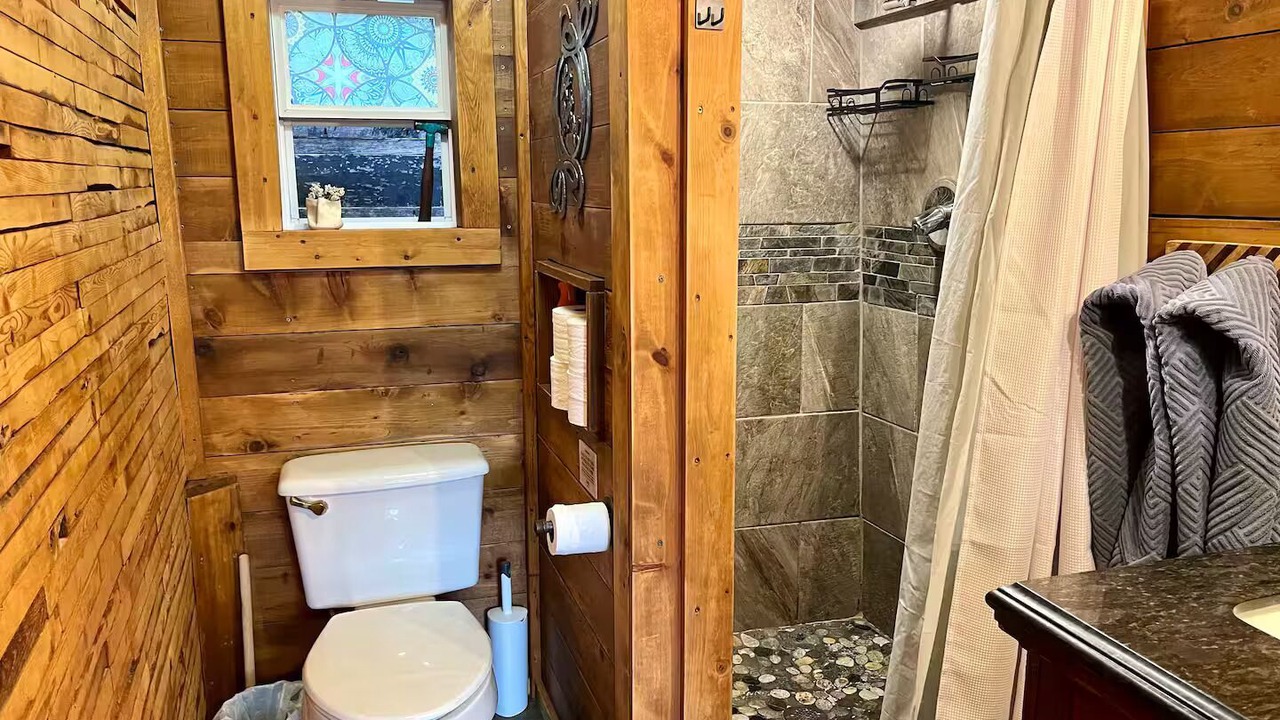 Photo of Bathroom in Page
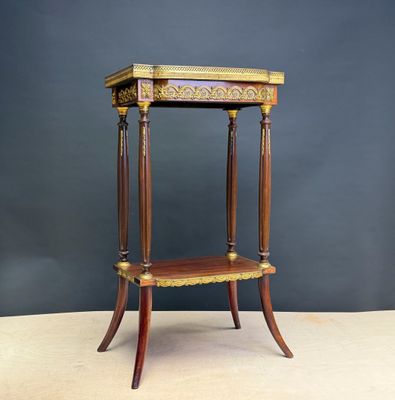 une image représentant une petite table surmontée d'une étagère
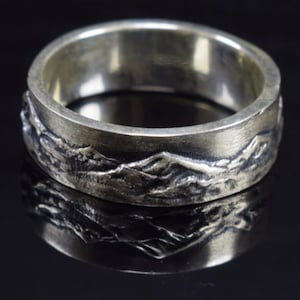 Bague chaîne de montagnes, alliance montagnes en argent, bague de promesse pour lui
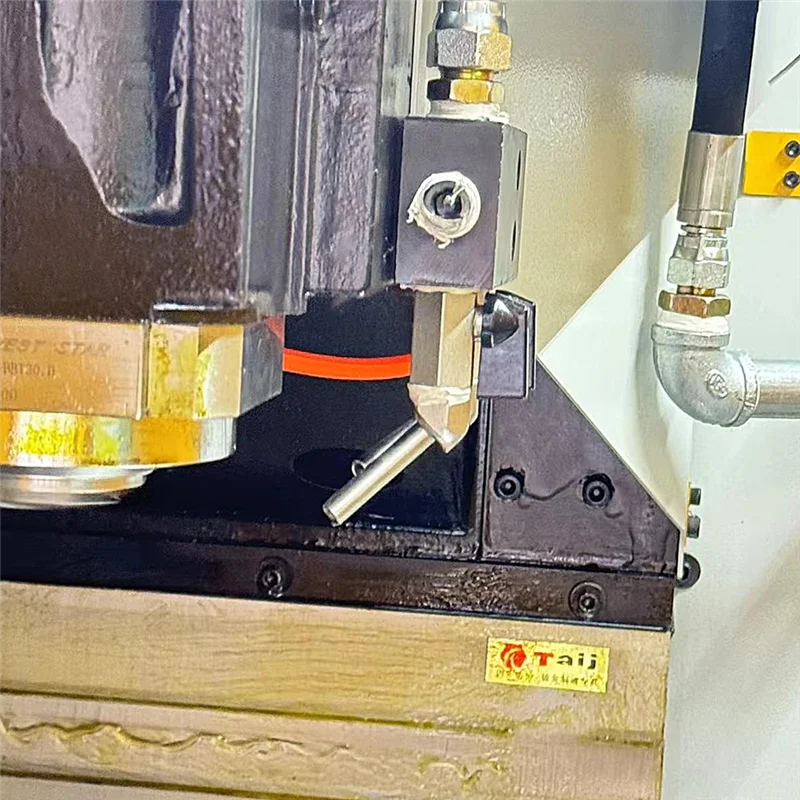 A02M-Voor CNC-werktuigmachines Compatibel 304-materiaal Hellend hogedrukkoelmondstuk 1/8 "PT 10/30/50 mm Installatiedraden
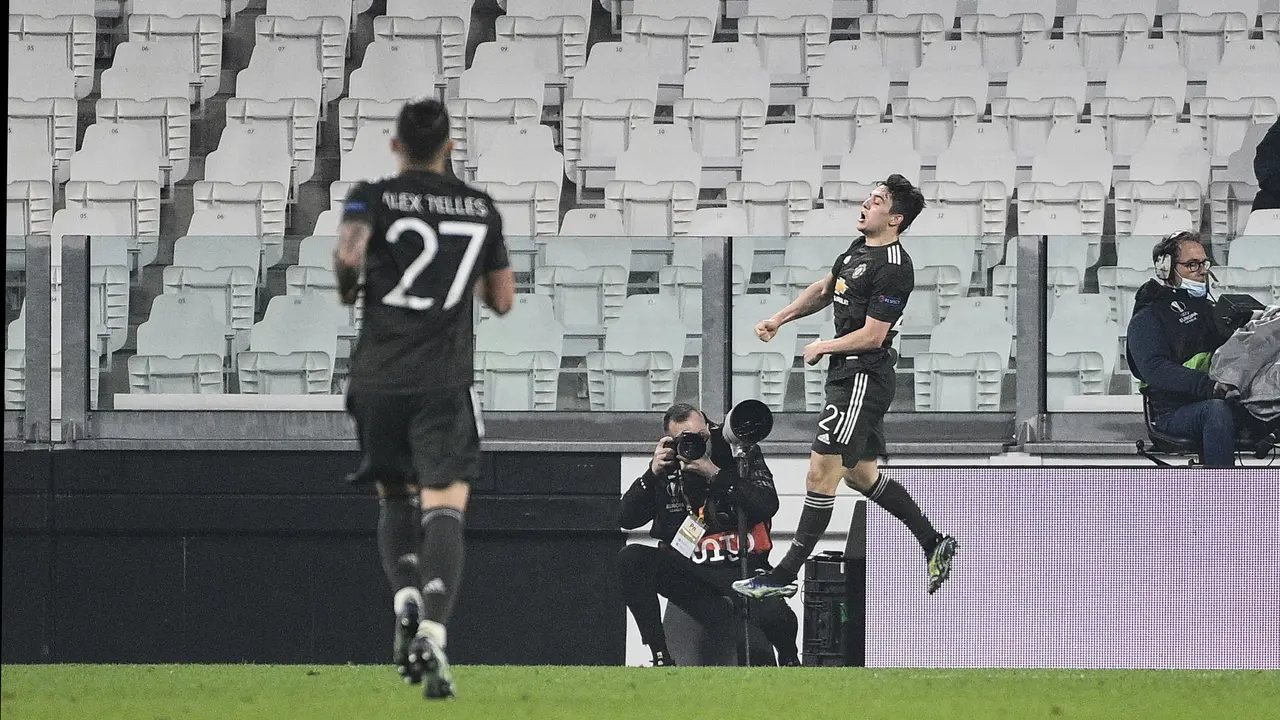 FOTO: Bruno Fernandes 2 Gol, Manchester United Menang Besar atas Real Sociedad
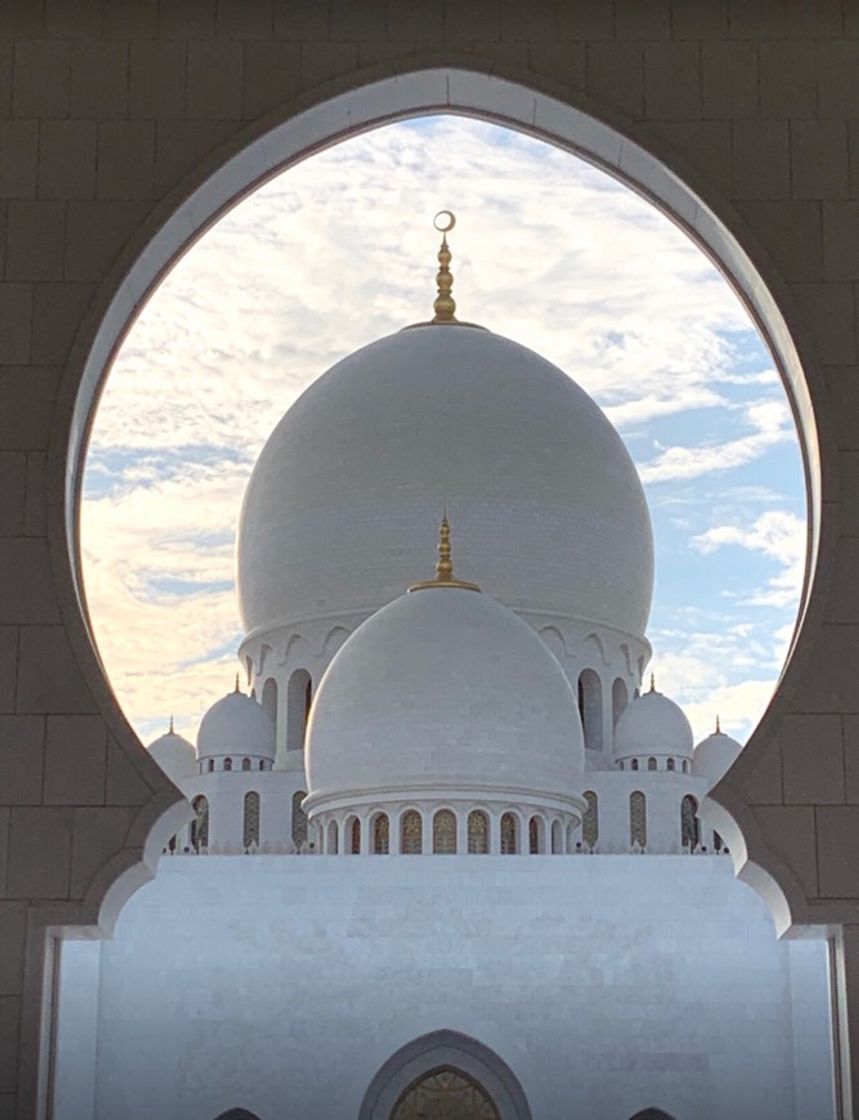 Place Sheikh Zayed Grand Mosque Center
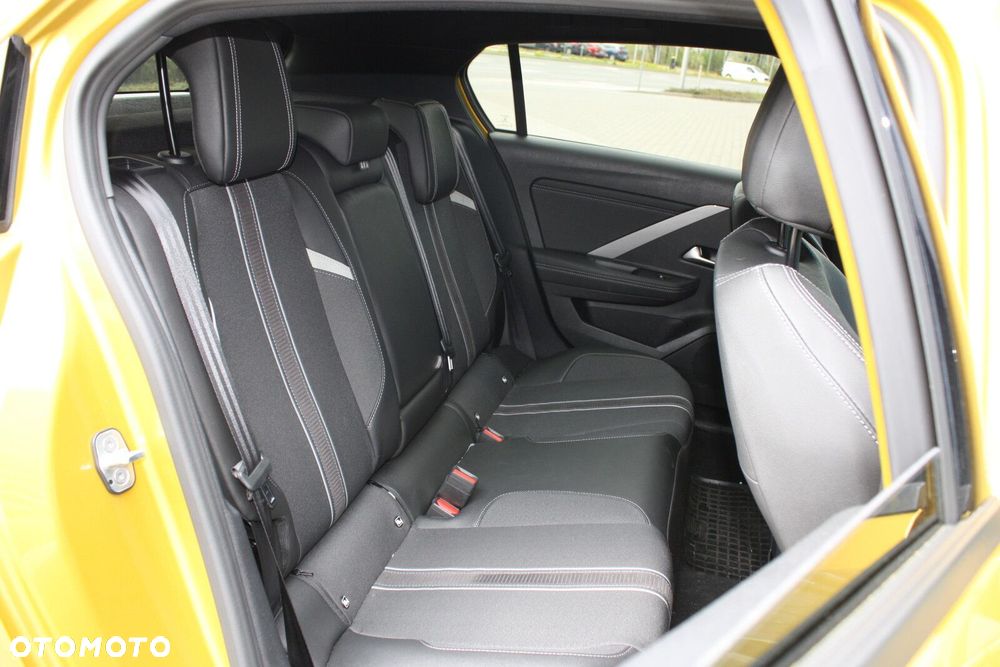 Opel Astra 1.2 T GS S&S - 15
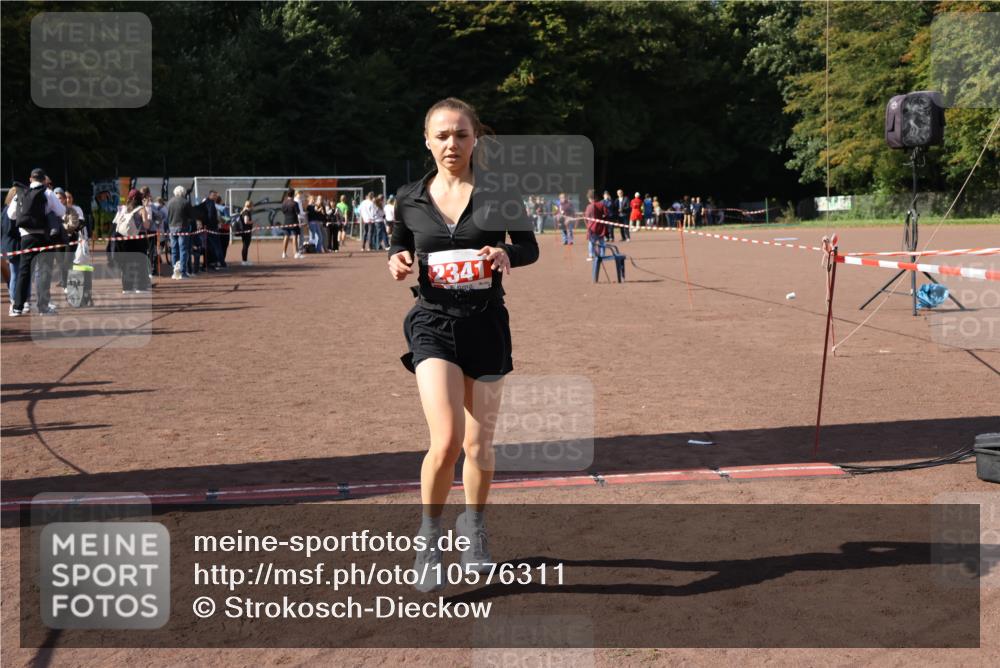 27.09.2026 - 35. Volkslauf durch das schöne Alstertal Strokosch-Dieckow http://msf.ph/oto/10576311 27.09.2026 12:38:11 Ziel 2341 meine-sportfotos.de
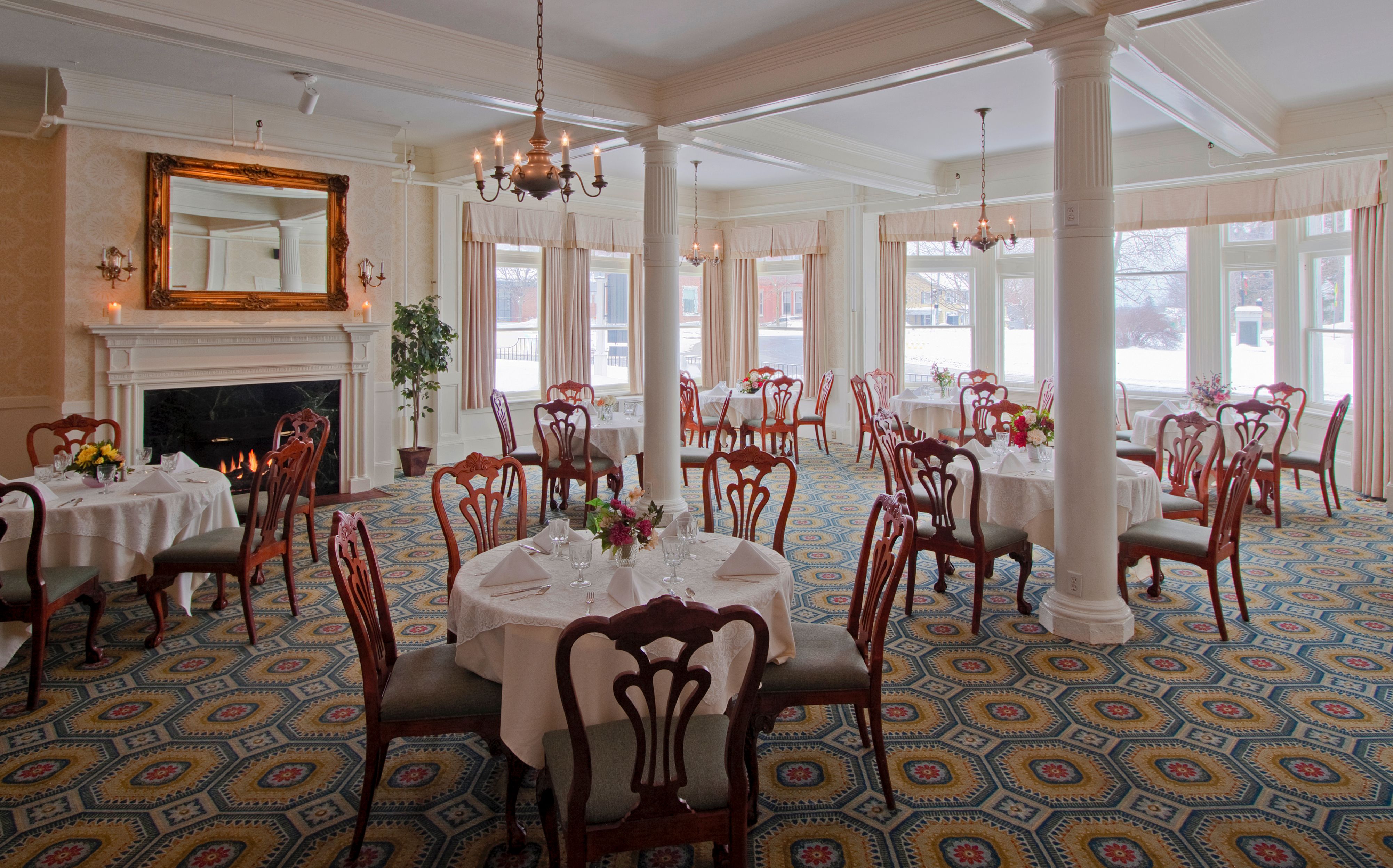 image of morgans tavern the middlebury inn vermont_high 1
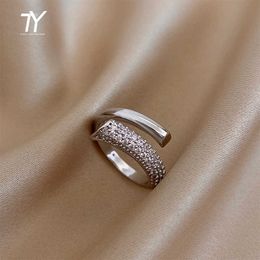 Anillo de circonio de oro amarillo y metálico para joyas de dedos de mujeres coreanas, alta sensibilidad, exquisito anillo de boda de niñas 2022 Z0327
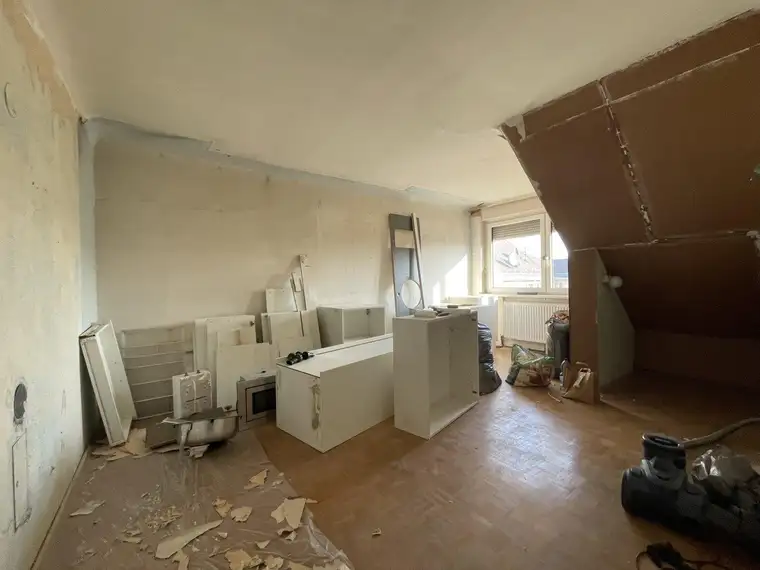 Bastlerhit - Dachgeschosswohnung in 1170 Wien – Bereit für Ihre Ideen!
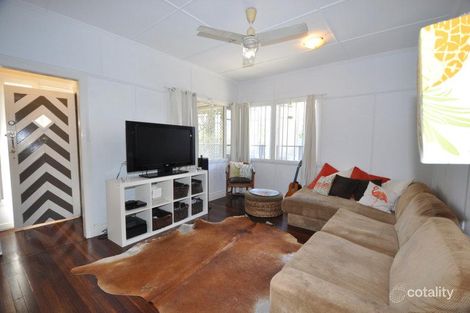 Property photo of 30B Robert Street Labrador QLD 4215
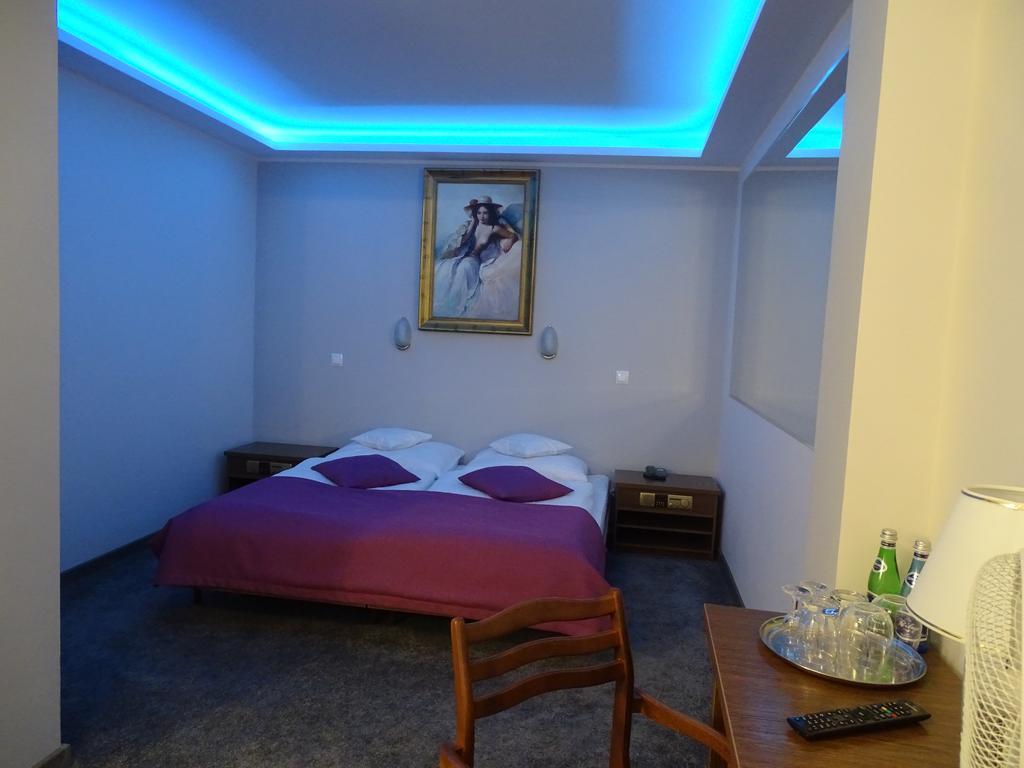 Motel 2000 Stęszew Kültér fotó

> _TASK OBJECTIVE_:
All that is required is an exact reproduction of the lines from the one containing "une image représentant" to the final line of the listing above, pictures omitted.

> _FINAL ANSWER_:
 une image représentant une petite table surmontée d'une étagère
 Bague chaîne de montagnes, alliance montagnes en argent, bague de promesse pour lui
 A02M-Voor CNC-werktuigmachines Compatibel 304-materiaal Hellend hogedrukkoelmondstuk 1/8 "PT 10/30/50 mm Installatiedraden
 FOTO: Bruno Fernandes 2 Gol, Manchester United Menang Besar atas Real Sociedad
 Place Sheikh Zayed Grand Mosque Center
 Opel Astra 1.2 T GS S&S - 15
 27.09.2026 - 35. Volkslauf durch das schöne Alstertal Strokosch-Dieckow http://msf.ph/oto/10576311 27.09.2026 12:38:11 Ziel 2341 meine-sportfotos.de
 image of morgans tavern the middlebury inn vermont_high 1
 Anillo de circonio de oro amarillo y metálico para joyas de dedos de mujeres coreanas, alta sensibilidad, exquisito anillo de boda de niñas 2022 Z0327
 Bastlerhit - Dachgeschosswohnung in 1170 Wien – Bereit für Ihre Ideen!
 Property photo of 30B Robert Street Labrador QLD 4215
 Motel 2000 Stęszew Kültér fotó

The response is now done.